* **What to do**
Your task is to restate the listing word for word without the pictures.

[Data section — start]

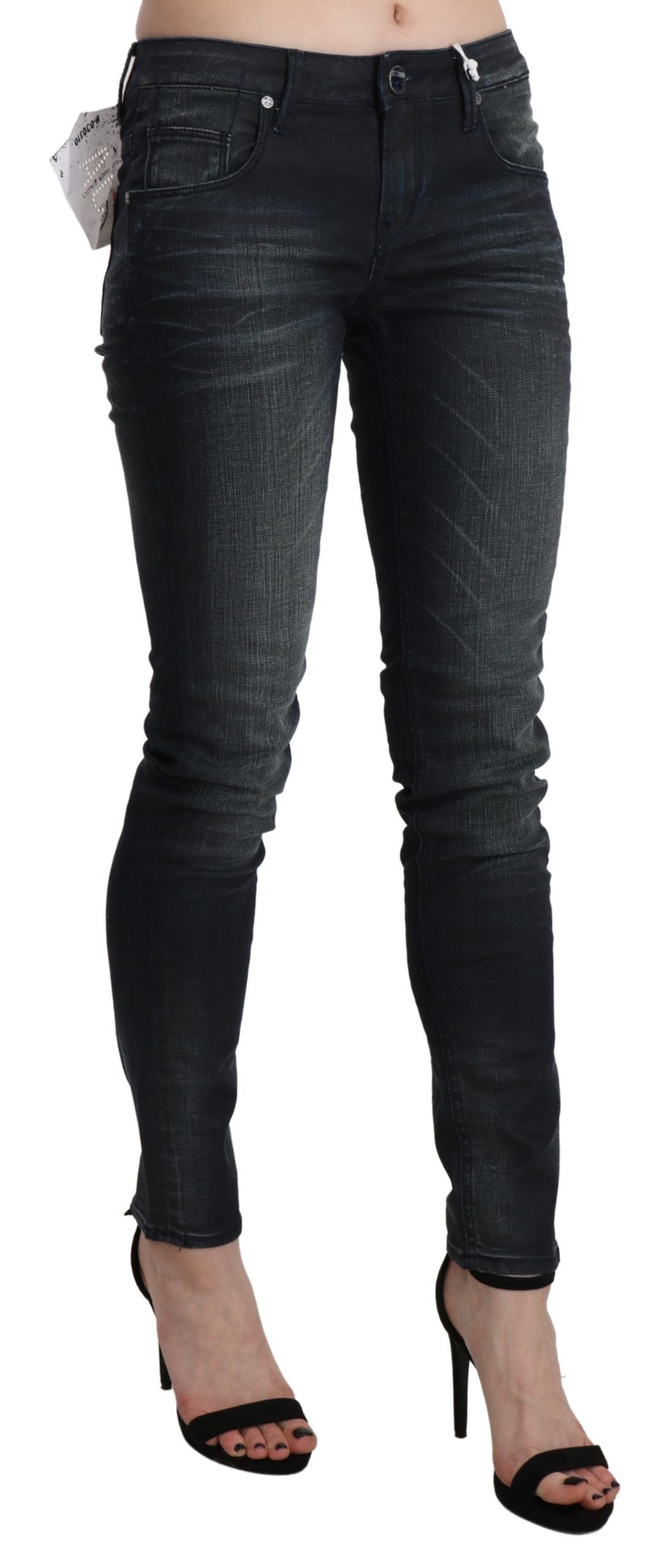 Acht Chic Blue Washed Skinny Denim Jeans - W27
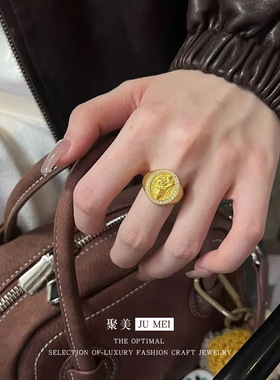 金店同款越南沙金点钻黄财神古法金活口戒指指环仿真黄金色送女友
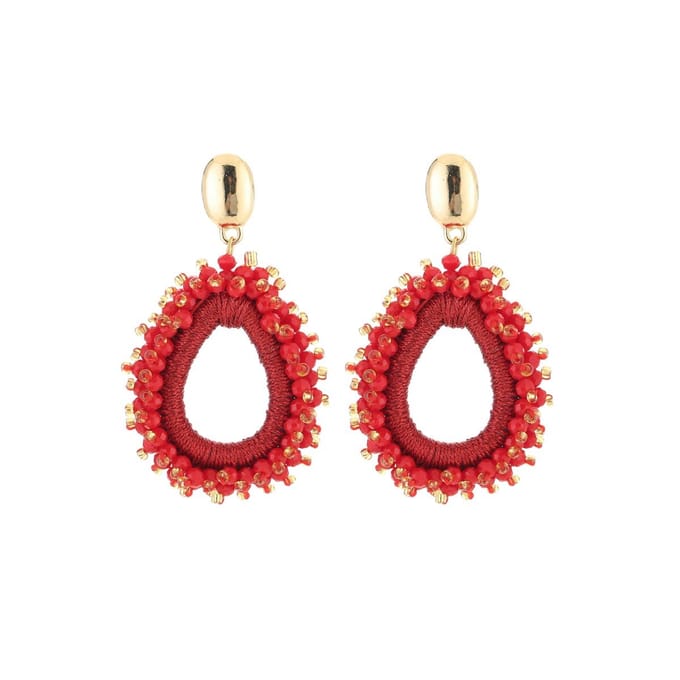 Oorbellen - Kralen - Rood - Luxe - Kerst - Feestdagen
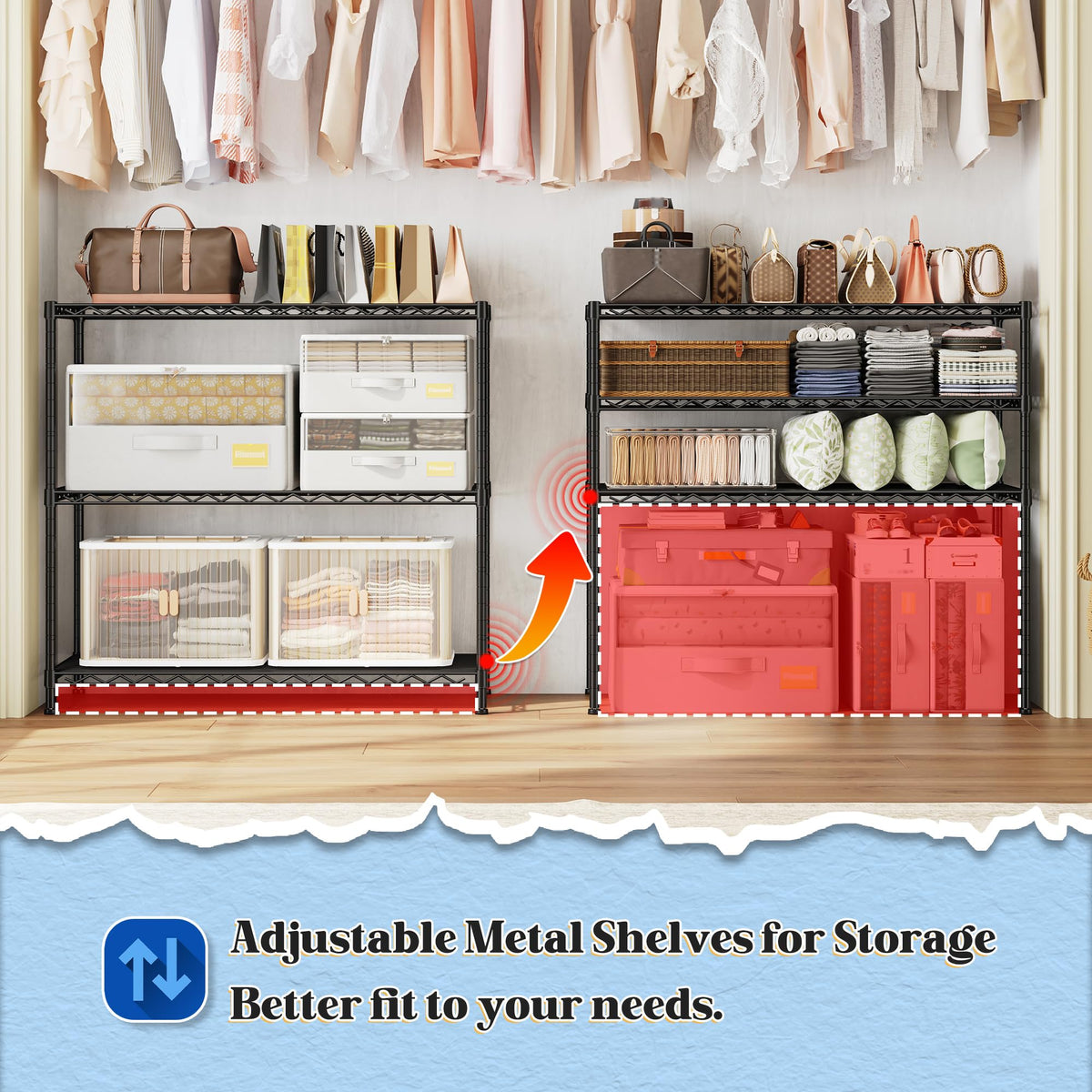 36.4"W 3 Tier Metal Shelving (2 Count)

[Data section — finish]

* **Your solution**
 Acht Chic Blue Washed Skinny Denim Jeans - W27
 金店同款越南沙金点钻黄财神古法金活口戒指指环仿真黄金色送女友
 Oorbellen - Kralen - Rood - Luxe - Kerst - Feestdagen
 36.4"W 3 Tier Metal Shelving (2 Count)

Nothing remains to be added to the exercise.